Traces of a Stream offers a unique scholarly perspective that merges interests in rhetorical and literacy studies, United States social and political theory, and African American women writers. Focusing on elite nineteenth-century African American women who formed a new class of women well positioned to use language with consequence, Royster uses interdisciplinary perspectives (literature, history, feminist studies, African American studies, psychology, art, sociology, economics) to present a well-textured rhetorical analysis of the literate practices of these women. With a shift in educational opportunity after the Civil War, African American women gained access to higher education and received formal training in rhetoric and writing. By the end of the nineteenth-century, significant numbers of African American women operated actively in many public arenas.
In her study, Royster acknowledges the persistence of disempowering forces in the lives of African American women and their equal perseverance against these forces. Amid these conditions, Royster views the acquisition of literacy as a dynamic moment for African American women, not only in terms of their use of written language to satisfy their general needs for agency and authority, but also to fulfill socio-political purposes as well.
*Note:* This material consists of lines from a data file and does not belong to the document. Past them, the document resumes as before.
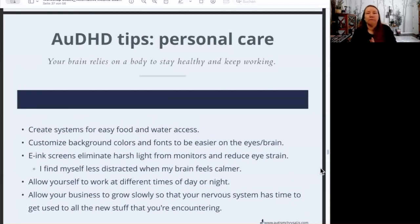Personal care tips: as you're working, I encourage you to create systems for easy food and water access, because your body needs to have its needs met in order for your brain to be able to think and create. If you're doing physical labor, your body needs to have its needs met in order to have the energy and capacity to continue doing the things that you're doing.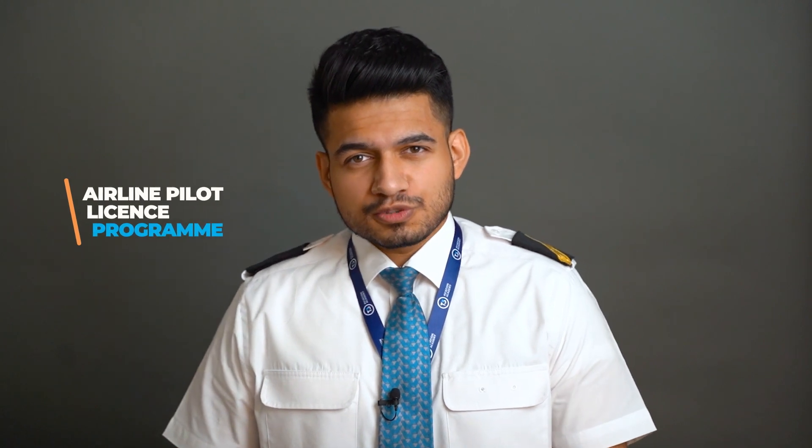Hello and welcome to T3 Aviation Academy. We will be giving you a rundown of our Airline Pilot License program. So sit back, relax and enjoy the journey.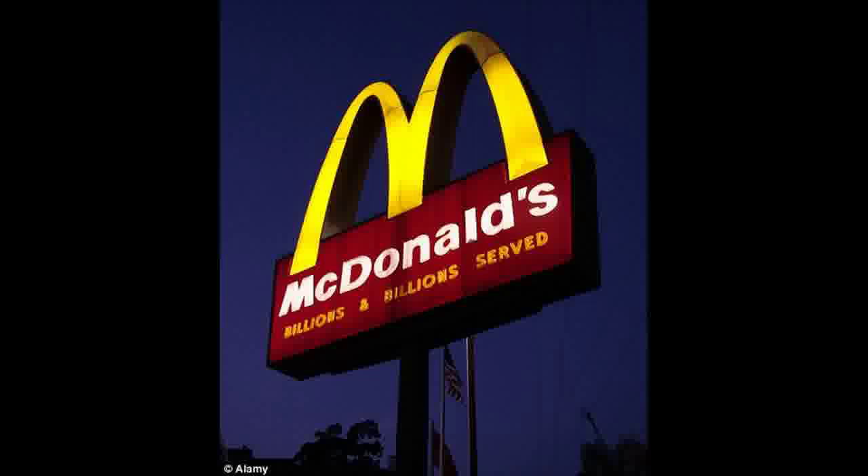The MC10:35 Burger is one of the most difficult of all McDonald's secret menu items to obtain. It is only available during a brief window when the breakfast and the regular menus cross over in the kitchen. The combo is a Double Cheeseburger with a Sausage Egg McMuffin and a Bacon Egg McMuffin.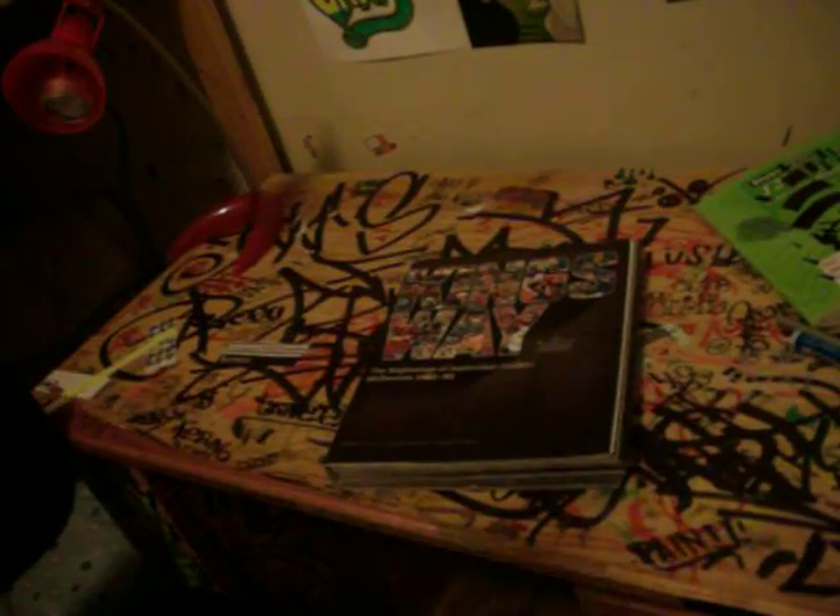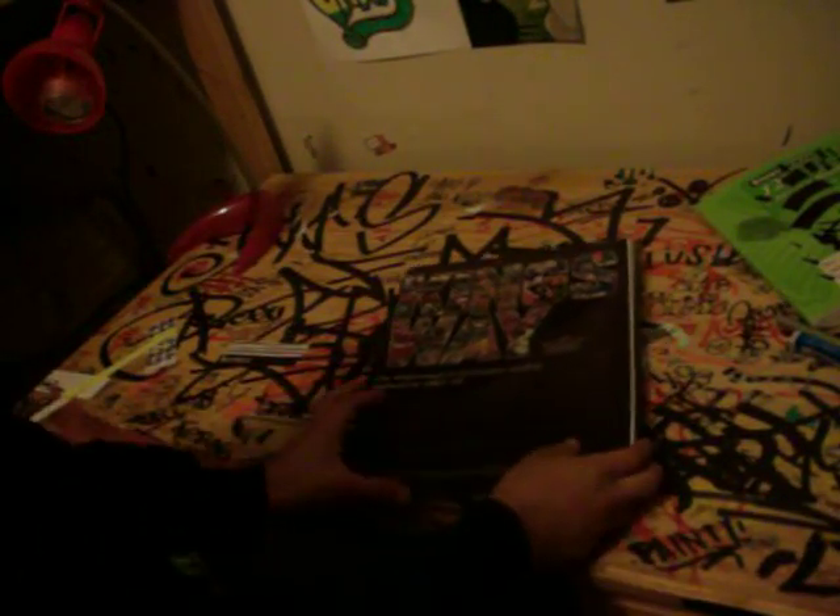Today I'm just doing a video on one of my books. It's pretty cool. It's about Melbourne graffiti. It's called Kingsway. I reckon you should get it. It's pretty good.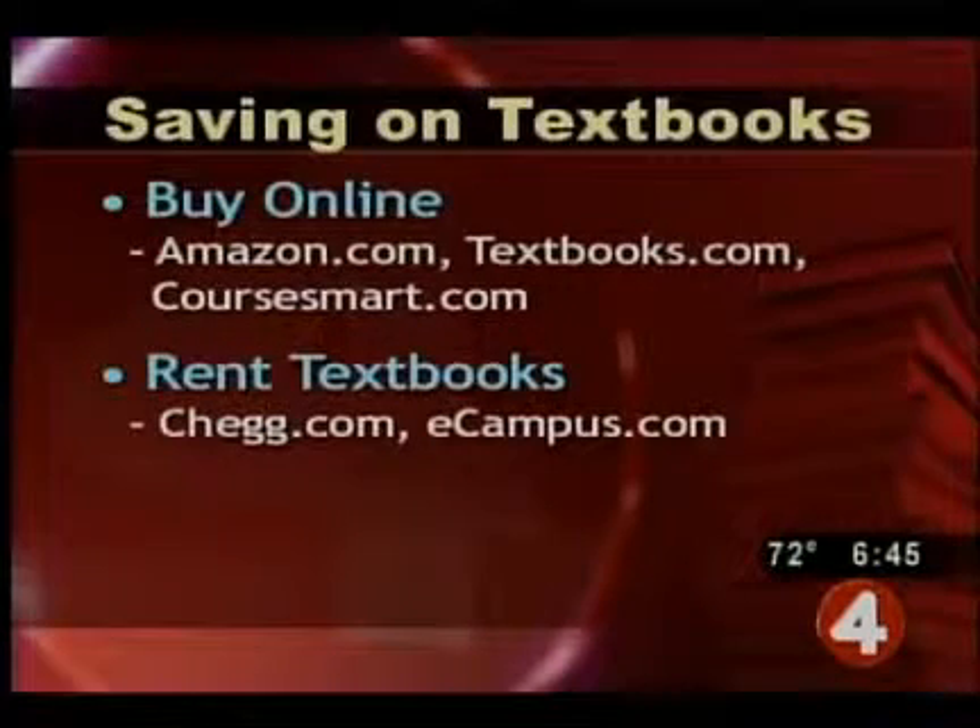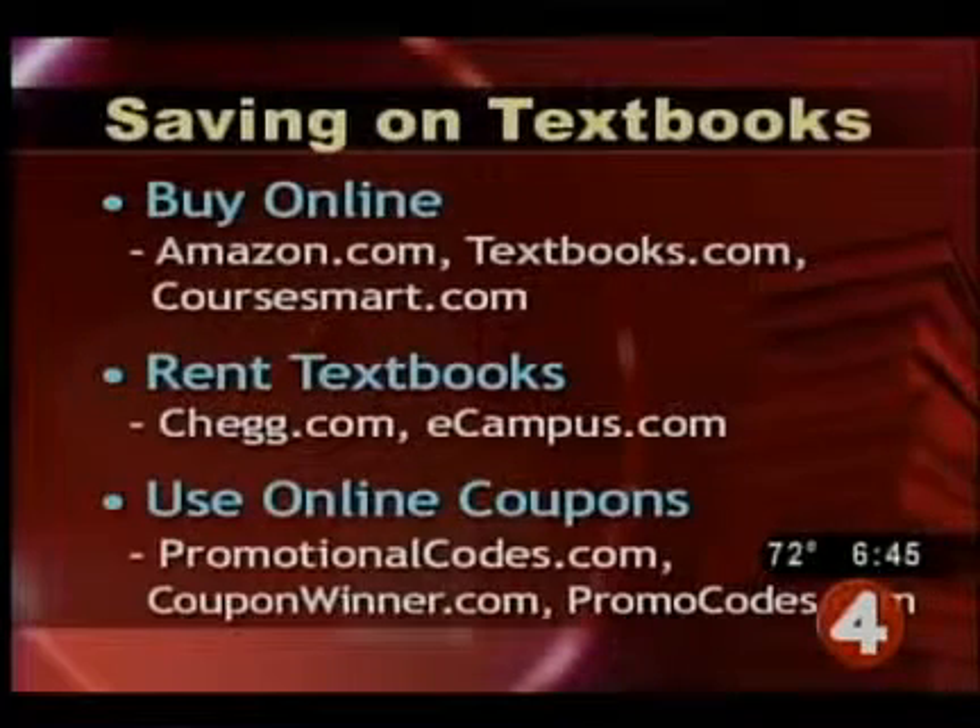Renting textbooks is an even cheaper alternative. Try sites like Chegg and eCampus. And when shopping online for textbooks, remember online coupons.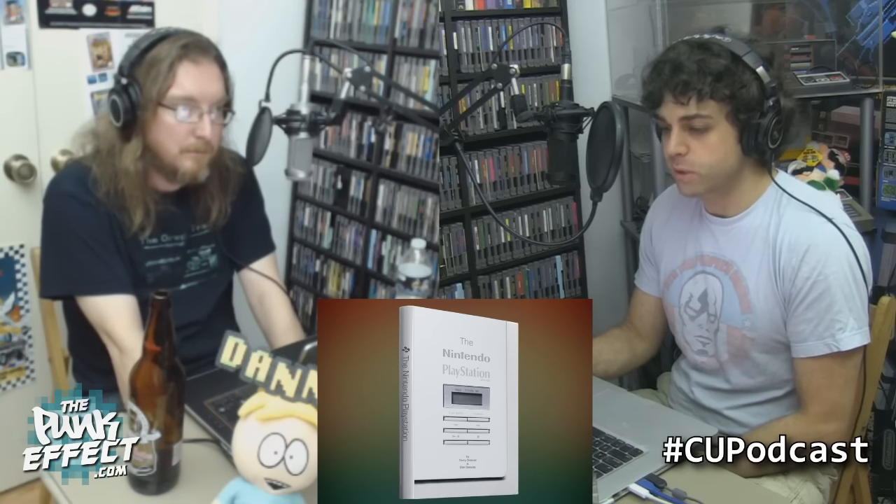There are 25 days left when we're recording this. There are only 32 backers, $2,300 of a $30,000 goal. It's not going to make it — just not. Not with those numbers. It's just too tiny of a market for that.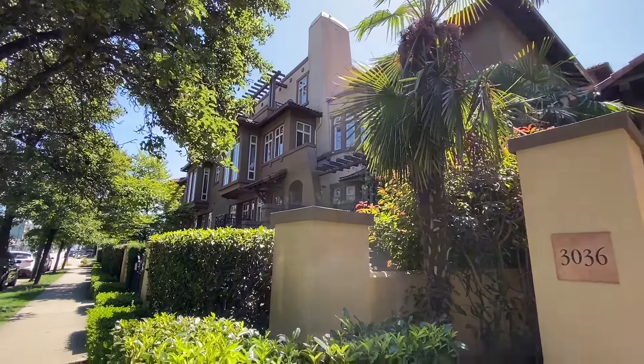So this is a two-level townhome. If you've just joined us for the live stream today — 991 square feet, two bedroom, two bathroom for $998,000. It's unit number 20, townhome 20 at 3036 West 4th Avenue in the Santa Barbara. Let's go up and have a look upstairs.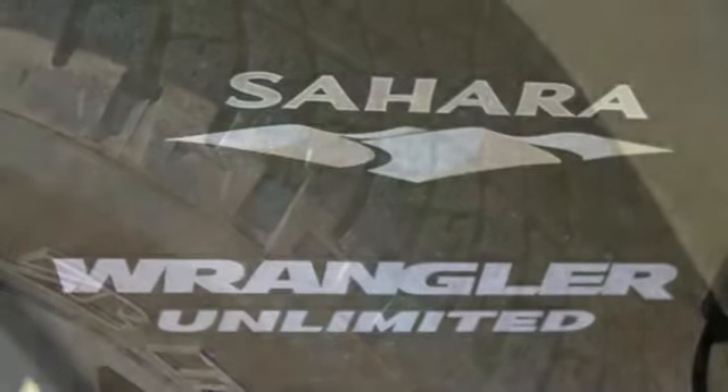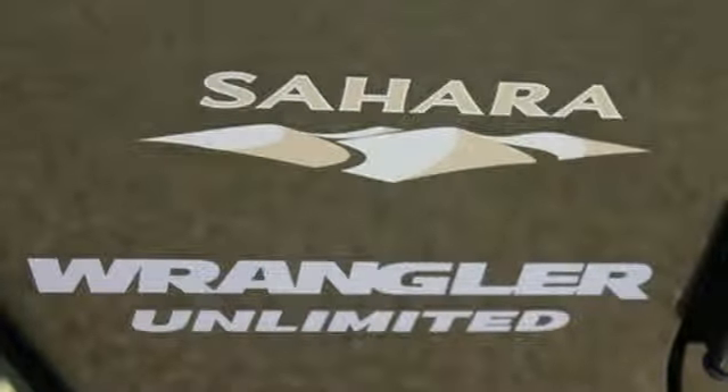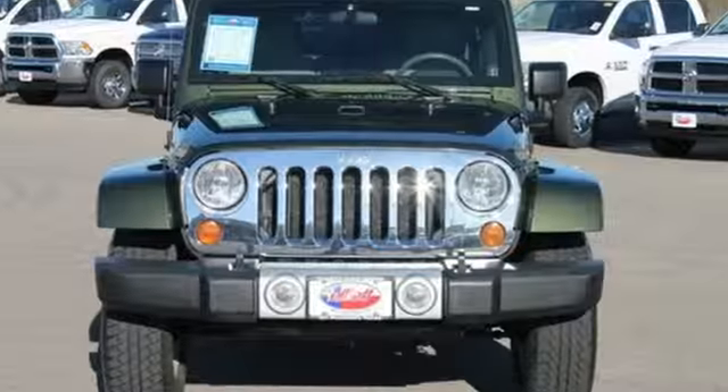With good looks and straightforward function, plus a great price, this Wrangler won't be here long. Come on in today and take a look for yourself.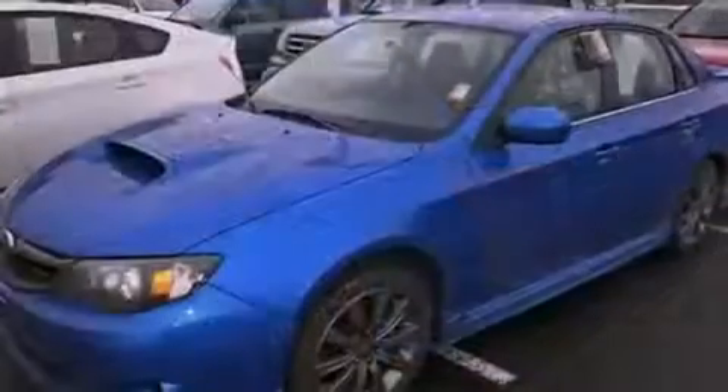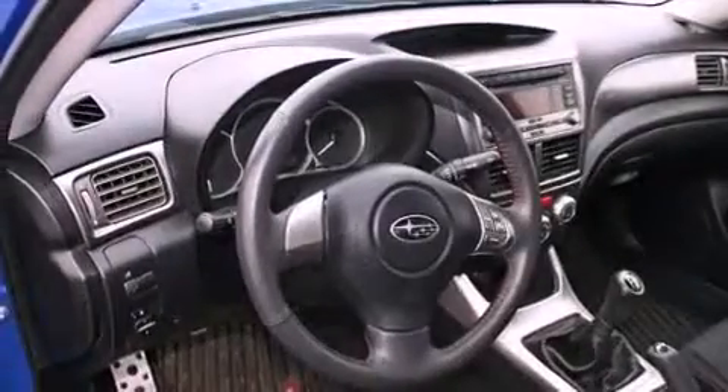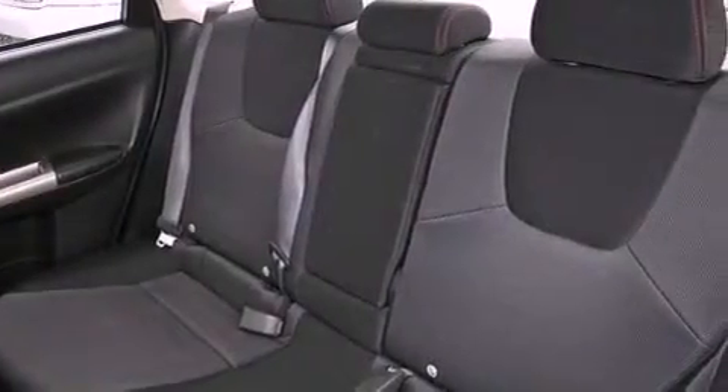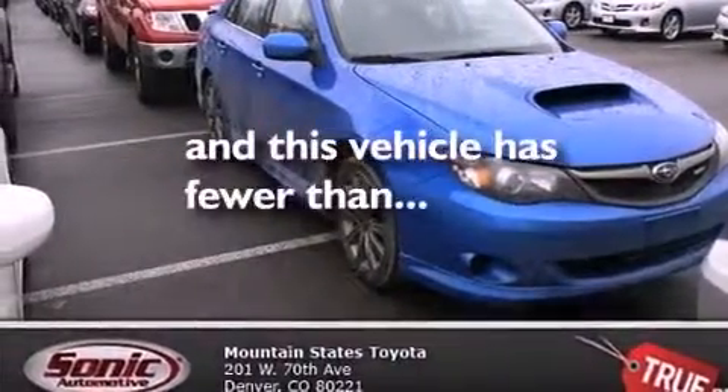All of the following features are included: air conditioning with automatic climate control, a split folding rear seat, cruise control, a CD player, a leather-wrapped shift knob, a passenger side vanity mirror, a security system, traction control, a rear window defroster. And this vehicle has fewer than 22,000 miles on the odometer.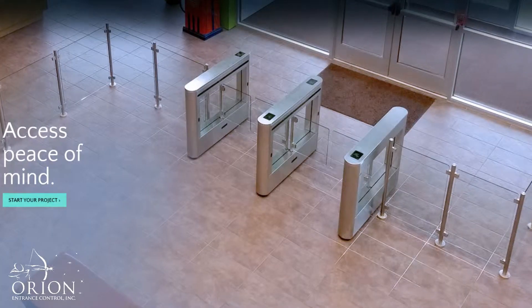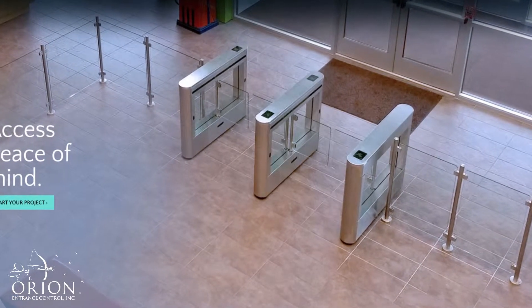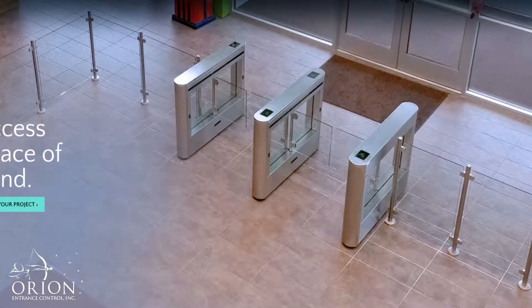You guys solve a lot of the problems that we have at entrances. You guys do optical turnstiles, you do custom turnstiles, you're based in New Hampshire, you're a family organization. But more importantly now, you have a product that isn't just a turnstile — it's something that anybody can install. It can go on just about any type of door entrance, and it's called the DoorGuard. Can you tell us a little bit about it?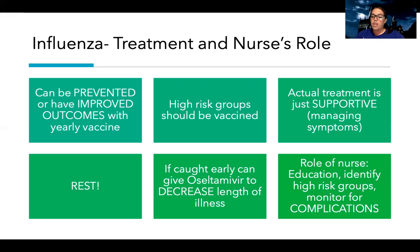The nurse's role is education, identifying high-risk groups, and monitoring for complications. Since influenza is an upper airway and respiratory problem, if a patient starts showing lung involvement — like wet lung sounds, a fever that went away and came back, or coughing up purulent material from the lungs — that would be concerning. Those signs may indicate pneumonia or another complication of influenza. Regular lung assessments are important to make sure the infection isn't spreading.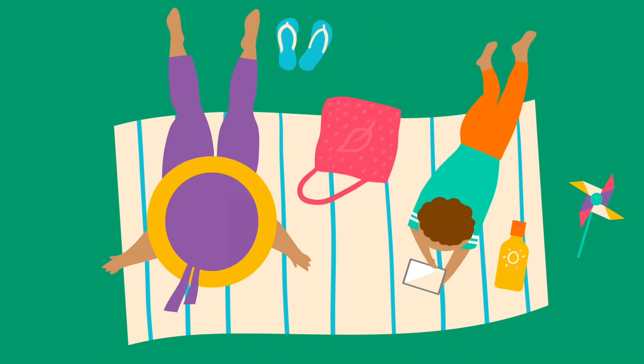Three: cover up. Whether you're working or relaxing outside, wearing clothes that cover more skin is a great way to protect yourself and your family.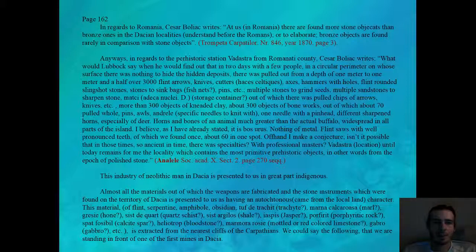Page 162. In regards to Romania, Caesar Boliac writes: At us, in Romania, there are found more stone objects than bronze ones, and in the Dacian localities — understand before the Romans — bronze objects are found rarely in comparison with stone objects. The reference is a magazine from the year 1870. In regards to the prehistoric station Vadastra from Romanați County, Caesar Boliac writes...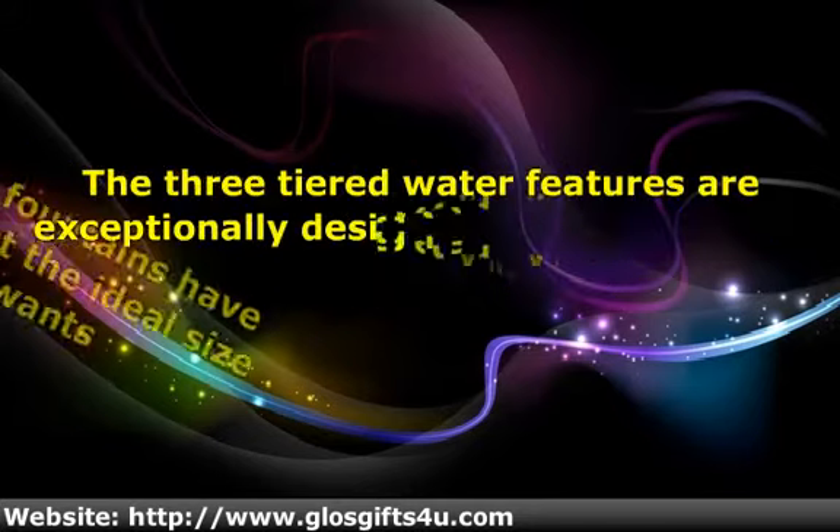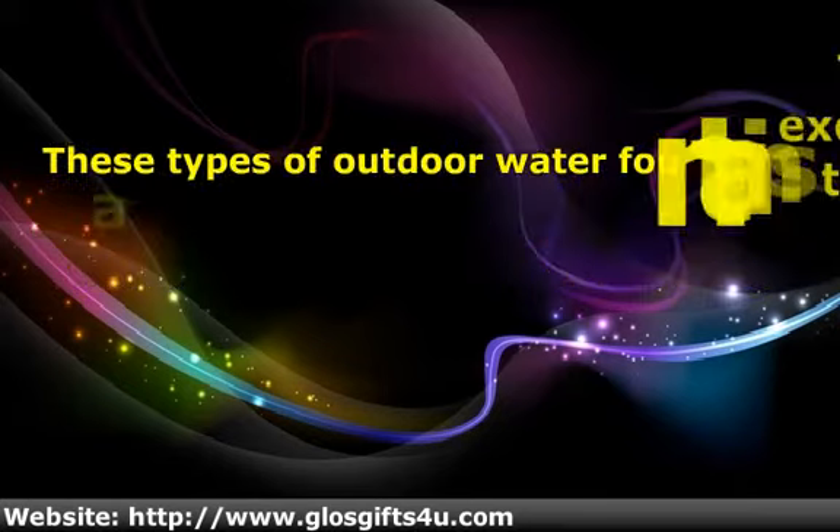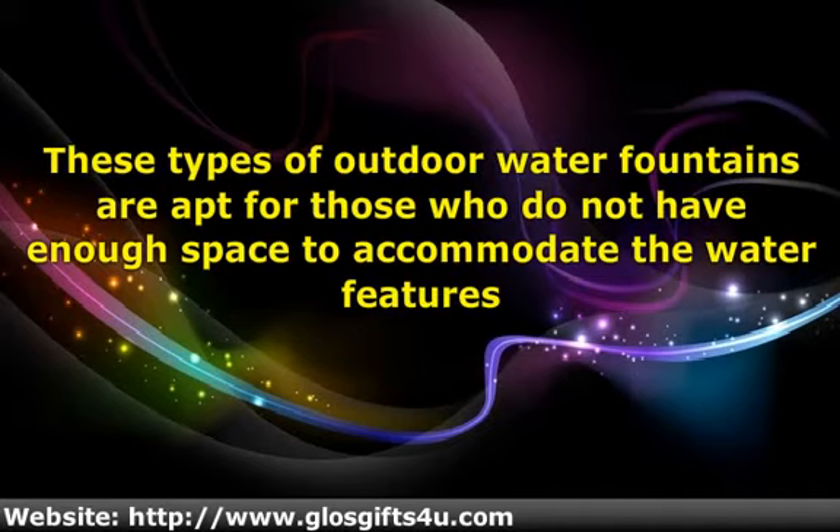Three-tiered water features are exceptionally designed with three bowls kept one on top of the other. They create a dynamic look and fascinate visitors with their exotic views. The continuous flow of water through these bowls is really amazing to watch, and they can be the center of attraction in your homes or offices.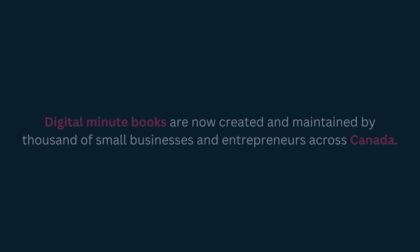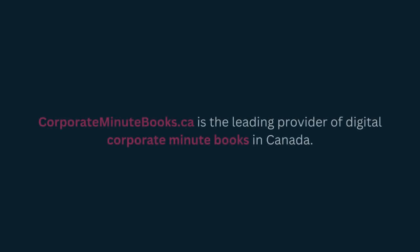Digital Minute Books are now created and maintained by thousands of small businesses and entrepreneurs across Canada. CorporateMinuteBooks.ca is the leading provider of digital corporate minute books in Canada.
Traces of a Stream is a showcase for nineteenth-century African American women, and particularly elite women, as a group of writers who are currently underrepresented in rhetorical scholarship. Royster has formulated both an analytical theory and an ideological perspective that are useful in gaining a more generative understanding of literate practices as a whole and the practices of African American women in particular. Royster tells a tale of rhetorical prowess, calling for alternative ways of seeing, reading, and rendering scholarship as she seeks to establish a more suitable place for the contributions and achievements of African American women writers.